Did Chris Christie Shake Down an Insurance Company as Part of a Backdoor Deal?

Judicial Watch has begun investigating Governor Chris Christie for a very bizarre turn of events.

The Governor has demanded Horizon Blue Cross Blue Shield, a non-profit insurance company, fork over $300 million from its reserves to a government program.

The insurance company has objected because of the financial position it would be left in, but Gov. Christie does not care.

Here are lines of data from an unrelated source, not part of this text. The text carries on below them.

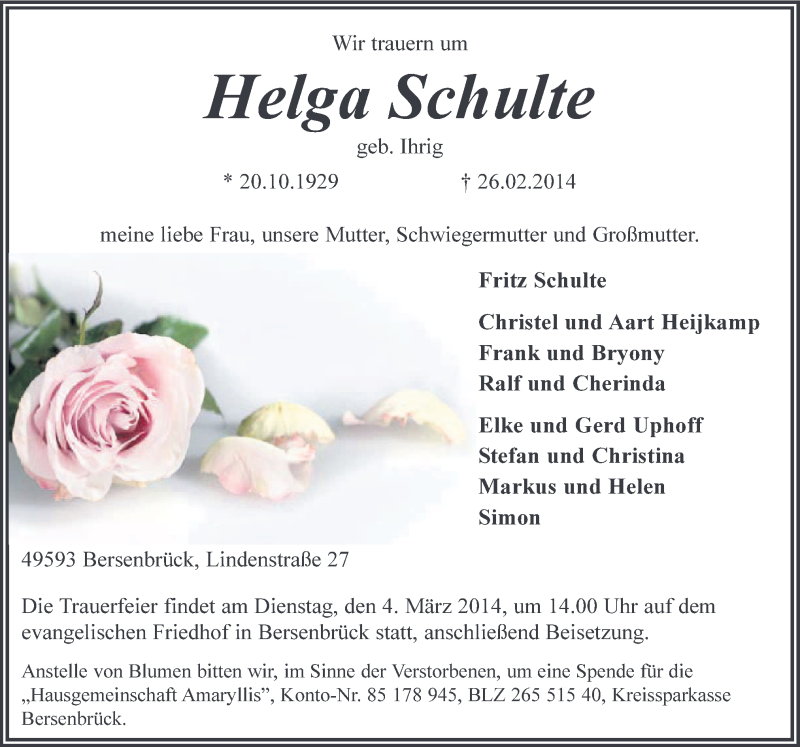  Traueranzeige für Helga Schulte vom 01.03.2014 aus Neue Osnabrücker Zeitung GmbH & Co. KG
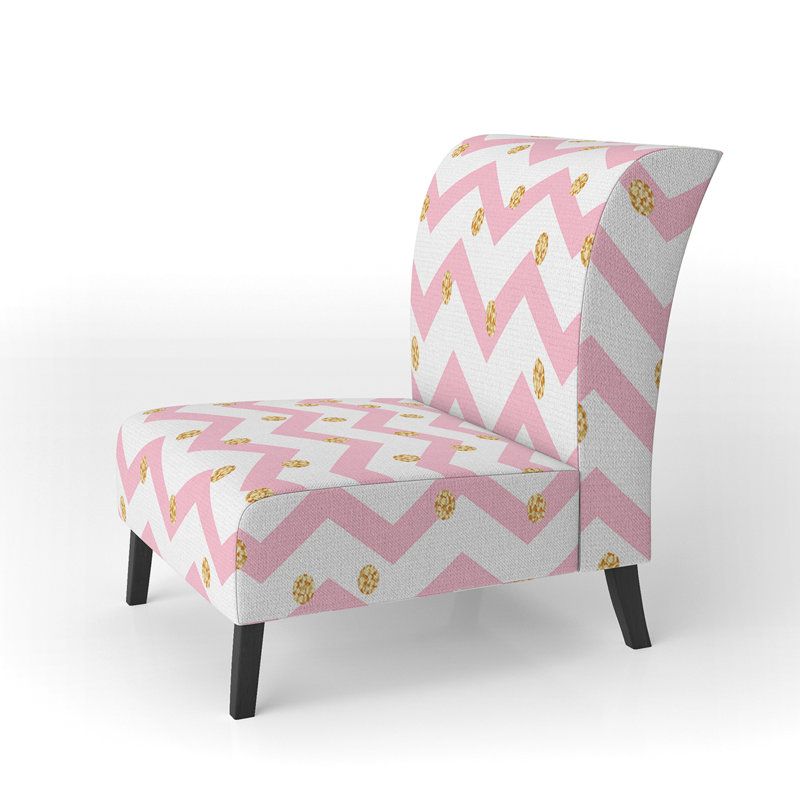 Fauteuil de chambre rembourré à motif de chevrons zigzag rose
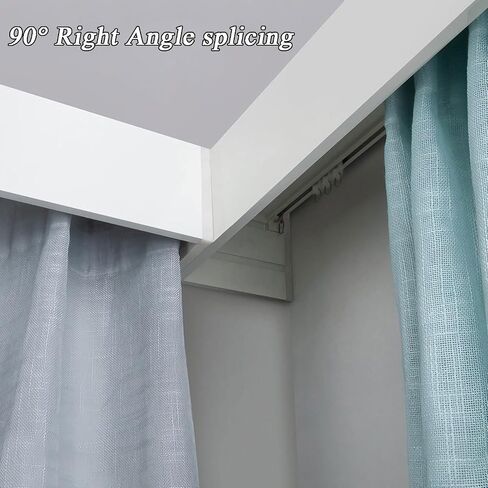 Heavy Duty Aluminum Double Row Curtain Track 5.3m (17.4ft) Ceiling/Wall Mount Room Divider for Living Room Bedroom Hotel Villa Durable Curtain Pelmet Box in Saudi Arabia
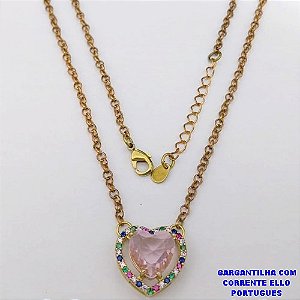 GARGANTILHA NO BRUTO PRONTO PARA O BANHO(CX193) -COM CORRENTE ELLO PORTUGUES DE 45CM - PINGENTE COM BASE 16MM CRAVEJADA EM ALTA FUSÃO - ZIRCONIA 10MM - PESO 6.6GR - BRU26904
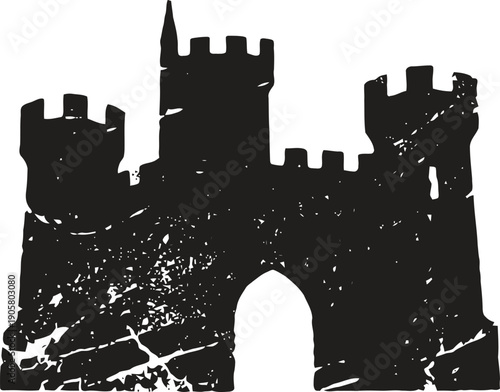 Medieval castle silhouette with battlements and arched entrance in black distressed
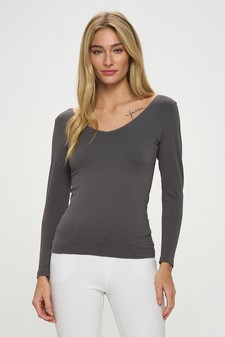 Women’s Seamless Reversible V-Neck Long Sleeve Top (New Version)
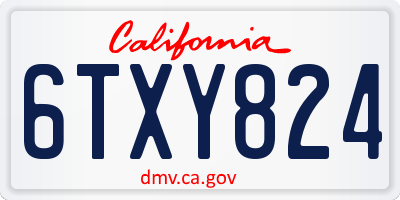 CA license plate 6TXY824
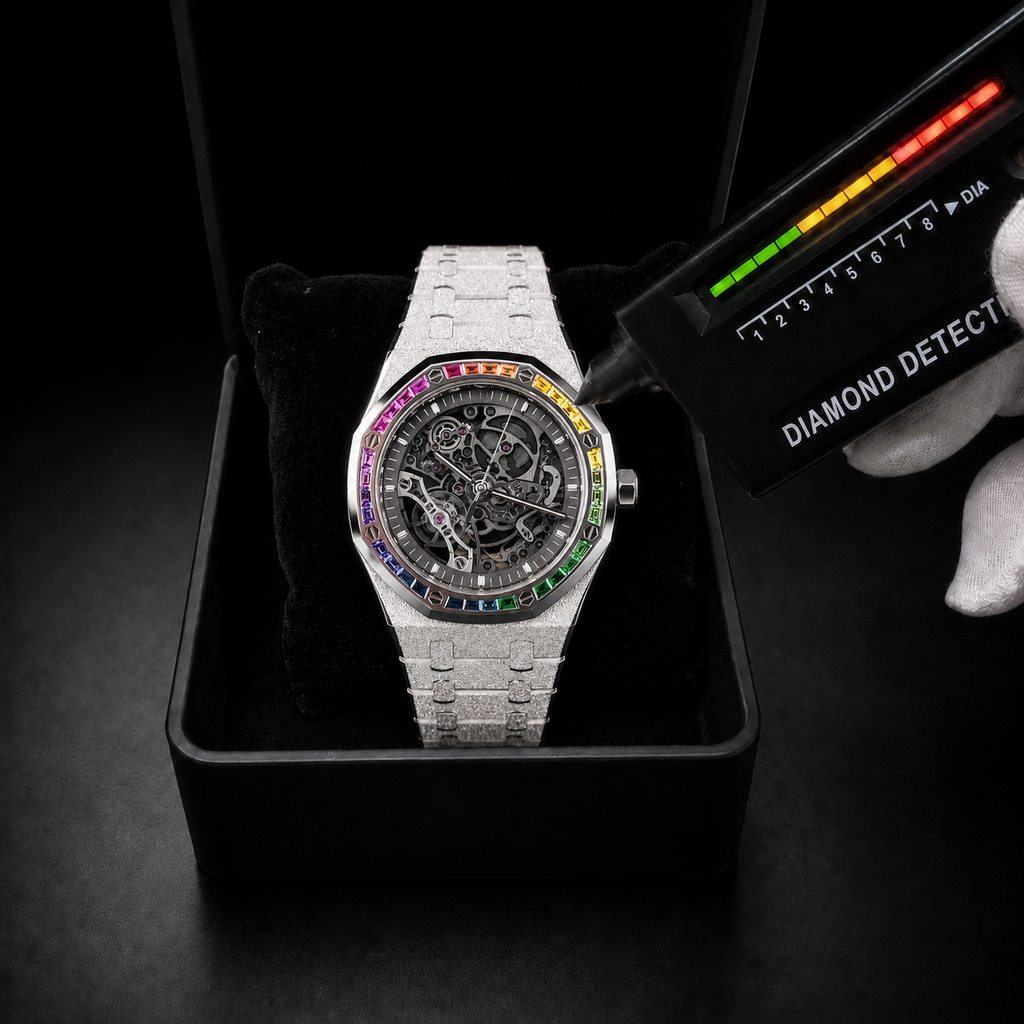 Men’s Rainbow Bezel Skeleton Dial  Silver Finish  Luxury Bracelet Timepiece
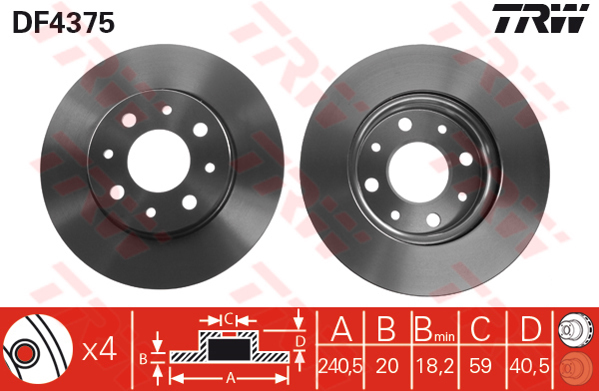 497387230 ON FREN DISKI TEMPRA-TIPO-MAREA-BRAVA-BRAVO 96 ALFA ROMEO 145-146 LANCIA DELTA-YPSILON 257x12x4DL 46820655-71738373-7663466-46554302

Many wonder what is really driving this issue for Christie. Why is the governor hitting a nonprofit healthcare provider with an excellent rating and modest reserves? Sources with firsthand knowledge of the situation tell Judicial Watch that the real story involves New Jersey insurance magnate George E. Norcross, who is chairman of the board of Cooper University Hospital in Camden and owns a piece of AmeriHealth, a small money-losing New Jersey insurer. Norcross is also Executive Chairman of Conner Strong & Buckelew, one of the nation’s premier insurance, risk management and employee benefits brokerage and consulting firms. He’s been trying to force Horizon to buy the ailing AmeriHealth firm, sources tell Judicial Watch, but Horizon has refused. Christie’s former chief of staff, Kevin O’Dowd, works for Norcross at Cooper University Hospital.

Governor Christie has never seemed super irresponsible, but this move is irresponsible. If this is why he is doing it, he is also engaging in some real shenanigans that need to be investigated.